To test our model, we can use cross-validation to train the model on a certain portion of the known data, and use the remaining data to validate or test the model. If performed several times, this process should give us a good idea for how a particular model or method performs with the data.

In [9]:
scores = model_selection.cross_val_score(clf, train_vectors, train_df["target"], cv = 3, scoring = "f1")
scores

array([0.59326868, 0.53601695, 0.64097363])

These scores aren't too bad!  
We will now create predictions using the testing set and build a submission for the competition.

In [10]:
clf.fit(train_vectors, train_df["target"])

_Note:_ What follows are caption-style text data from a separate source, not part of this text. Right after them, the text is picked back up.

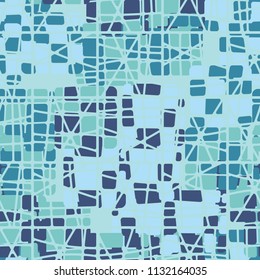 Seamless editable abstract pattern. Multi-colored camouflage texture. Divided rounded squares. The picture is covered with a network of square crossed cells.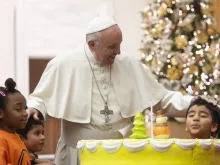 Pope Francis celebrates his 82nd birthday a day early with young patients of the Santa Marta Pediatric Dispensary. Dec. 16, 2018. 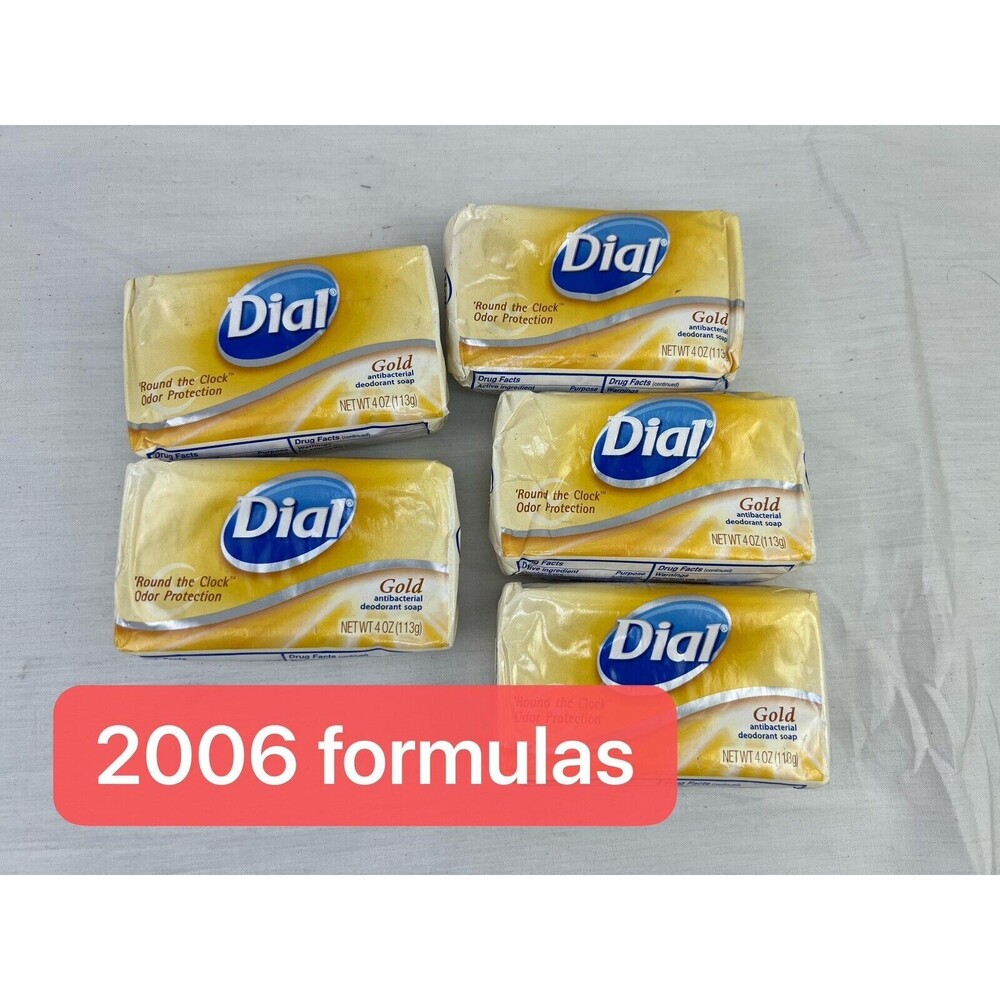 5 Dial Gold Antibacterial Deodorant Bar‎ Soap 4oz Vintage 2006 Formulas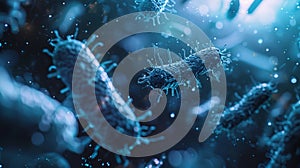 Microscopic view of bacteria floating in a liquid environment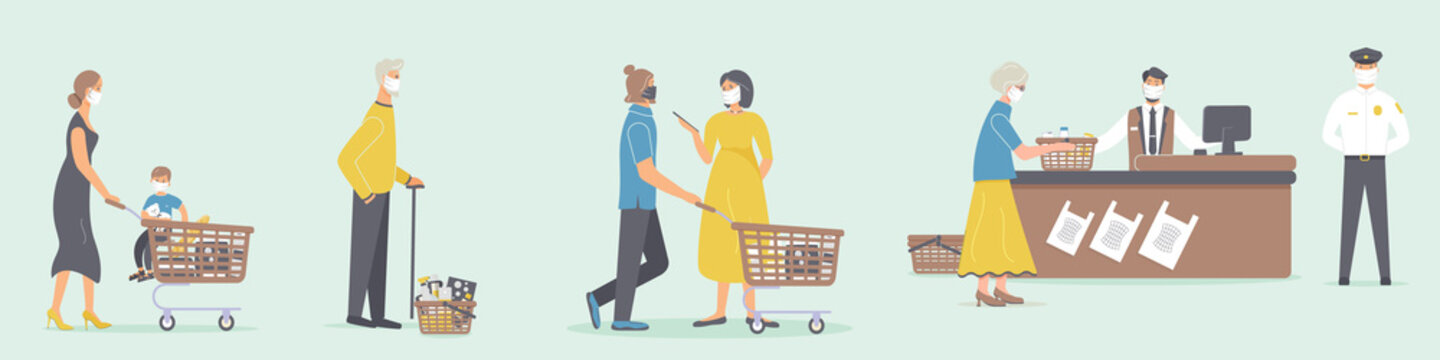 Grocery Store During Epidemic Of Virus.Cashier And Guard In Protective Medical Masks. Teller Serves Various Customers Who Are Waiting In Queue At A Social Distance In Supermarket.Raster Illustration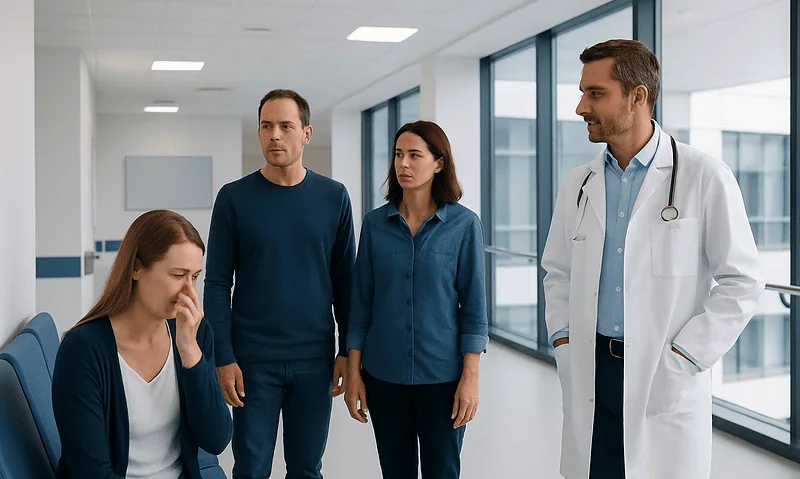 Doctor consulting with patients in hospital corridor.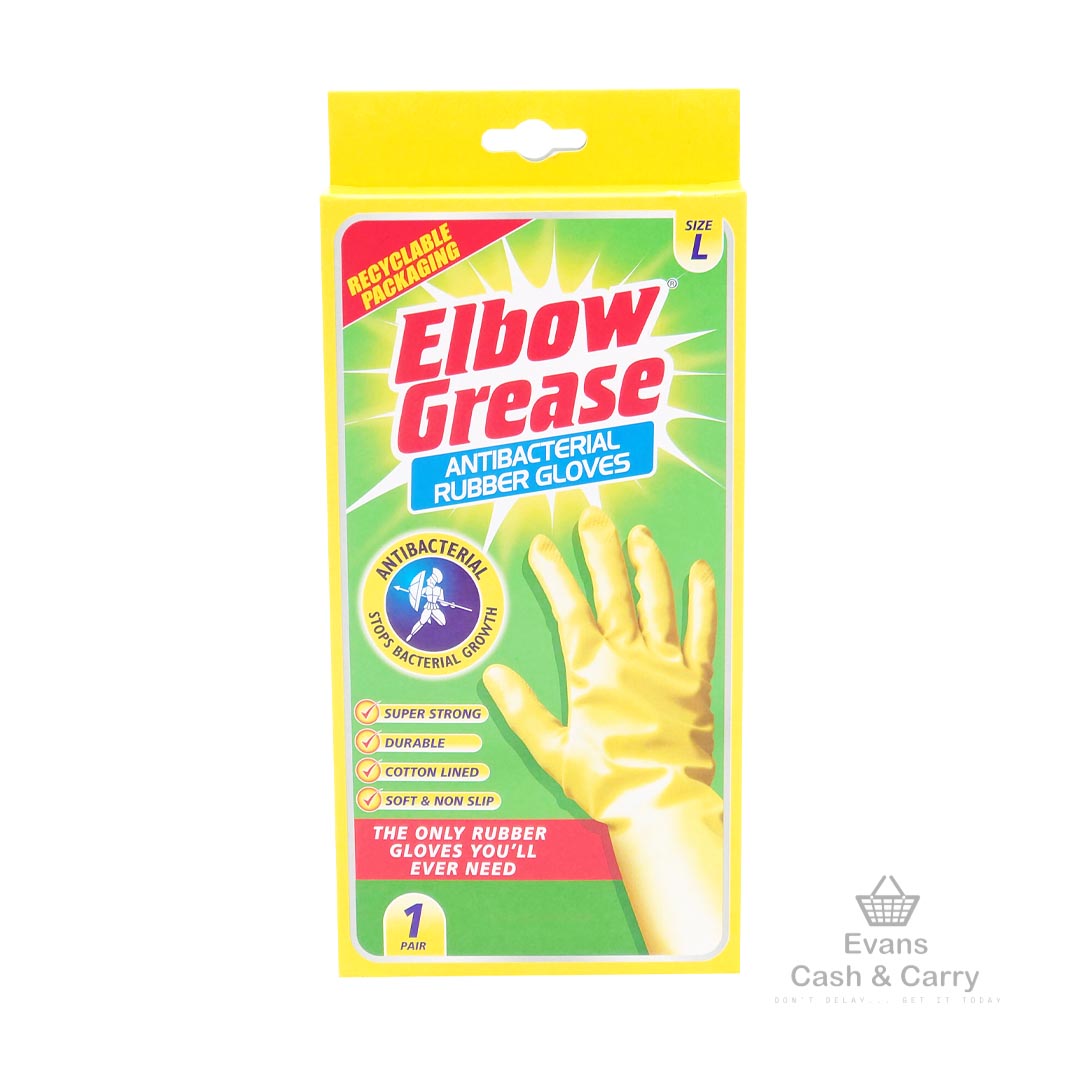 Elbow Grease Antibacterial Rubber Gloves - Large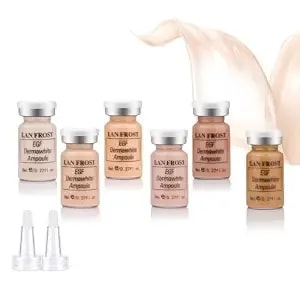 Facial Glow Serum Foundation Starter Kit Combined With Niacinamide And Peptides To Even Skin Tone Anti-Aging Set, 0.27oz 6 Vials Color Changing Foundation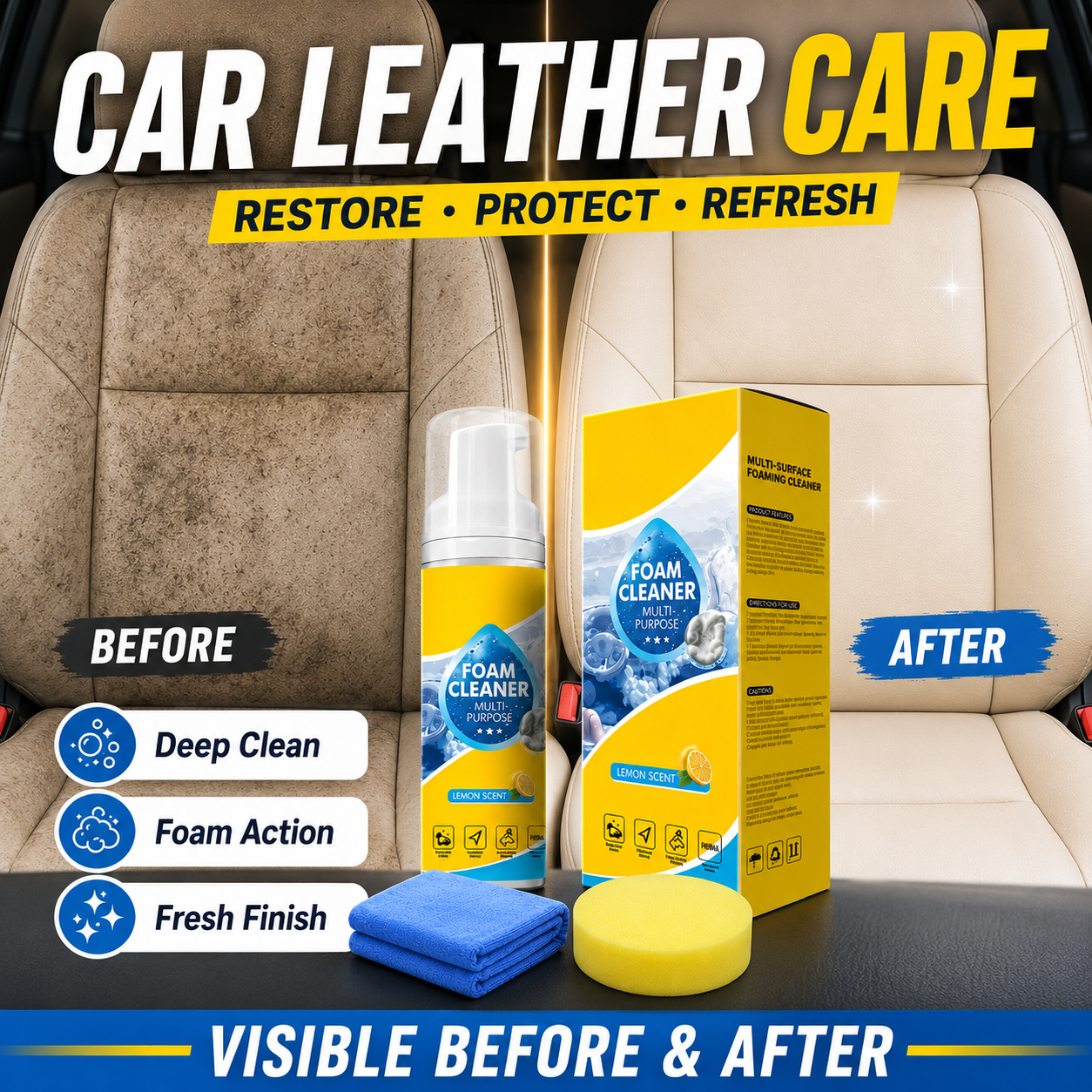 🏆HOT SALE 49% OFF🔥4-in-1 Multi-Enzyme Foam Cleaner – Deep Clean Car, Kitchen, Bathroom & Sofa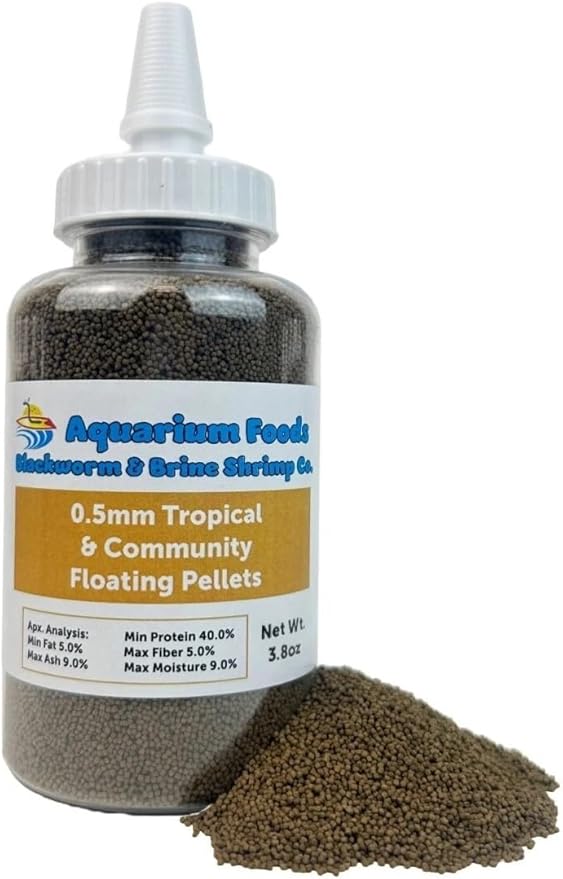 Aquatic Foods Inc. 0.5mm Tropical & Community Fish High Protein Micro Floating Pellets for Baby Cichlids, Bettas, Tetras, Guppies, Baby Koi & Pond Fish…3.5oz Squeeze Bottle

XGBClassifier(base_score=0.5, booster='gbtree', callbacks=None,
              colsample_bylevel=1, colsample_bynode=1, colsample_bytree=1,
              early_stopping_rounds=None, enable_categorical=False,
              eval_metric=None, gamma=0, gpu_id=-1, grow_policy='depthwise',
              importance_type=None, interaction_constraints='',
              learning_rate=0.300000012, max_bin=256, max_cat_to_onehot=4,
              max_delta_step=0, max_depth=6, max_leaves=0, min_child_weight=1,
              missing=nan, monotone_constraints='()', n_estimators=100,
              n_jobs=0, num_parallel_tree=1, predictor='auto', random_state=0,
              reg_alpha=0, reg_lambda=1, ...)

In [11]:
sample_submission = pd.read_csv("../input/nlp-getting-started/sample_submission.csv")

In [12]:
sample_submission["target"] = clf.predict(test_vectors)

In [13]:
sample_submission.head()

Unnamed: 0,id,target
0,0,1
1,2,1
2,3,1
3,9,0
4,11,1


In [14]:
sample_submission.to_csv("submission.csv", index = False)

We can now submit the above file to the competition!